NERSCPowering Scientific Discovery for 50 Years

NERSC Initiative for Scientific Exploration (NISE) 2011 Awards

CACHE novel architecture research

Brian Van Straalen, Lawrence Berkeley National Lab

Associated NERSC Project: Algorithms and Software for Communication Avoidance and Communication Hiding at the Extreme Scale (m1270)
Principal Investigator: Erich Strohmaier, Lawrence Berkeley National Lab

NISE Award: 470,000 Hours
Award Date: June 2011

We plan to conduct experiments on scalability, parallelization strategies (such as OpenMP, MPI, GPU, and their hybrids), genera, and architecture-specific code optimization techniques. Another benefit NERSC brings to this research is the ability to test the portability of autotuning techniques among HPC architectures such Intel based architectures and Cray Opteron based architectures. We estimate 120,000 core hours for our experimental study: evaluation of the strengths and limitations of autotuning = 15,000 core hours; experimental analysis on multiple problem classes on different architectures = 30,000 core hours; empirical analysis for new approaches = 30,000 core hours; tests on parallel autotuning approaches = 25,000 core hours; studies on autotuning GPU codes = 20,000 hours.

Edgar Solomonik and Jim Demmel and Brian Van Straalen are looking to explore a novel approach to topology-aware multicasts and multicore threaded reduction kernels to make dramatic reductions in communication contention for dense linear algebra and 2.5 D algorithms on Cray systems. We've done similar work already on BG/P systems. This will take at least 10,000 node hours, but since you get charged by the core hour we need about 200,000 additional hours. Some of the preliminary work will be done on Franklin with the Portals interface, but the XE6 DMAPP interface will also be worked on. This addresses all three elements of the NISE call.
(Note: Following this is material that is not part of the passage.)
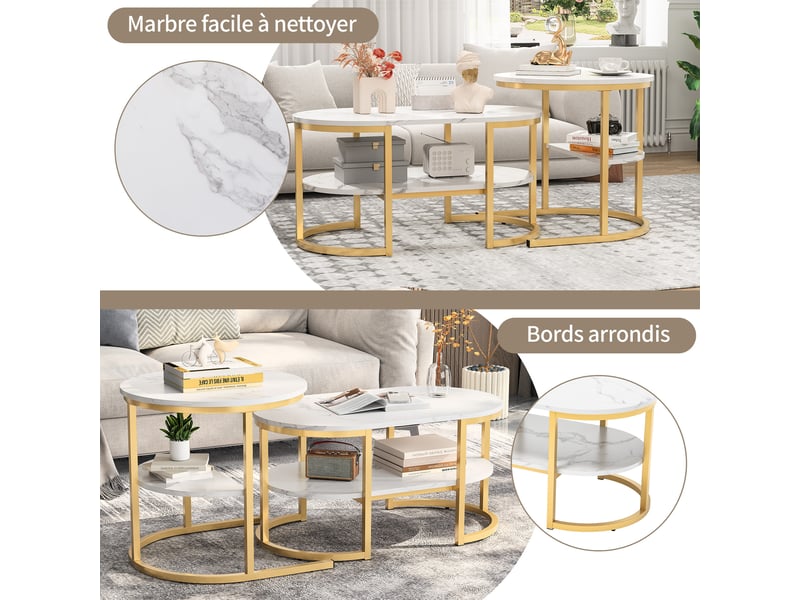  Table basse ronde gigogne 2 niveaux avec rangement, pour salon, plateau effet marbre en mdf, structure en métal doré  - Conforama E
Sam Williams and Noel Keen and Brian Van Straalen are working on fine-grained threading of stencil kernels and automatic code transformations and communication hiding schemes on multicore architectures. All three were proposed, but it looks like we have to put all three together to make any of them work at the finest point-wise parallelism scales. This work will probably take a similar amount as was used under the ultrascale development and the APDEC SciDAC work, roughly 150,000 core hours. This involves hybrid programming, threading, code transformation and novel approaches to multicore development and is part of moving Chombo to exascale production computing.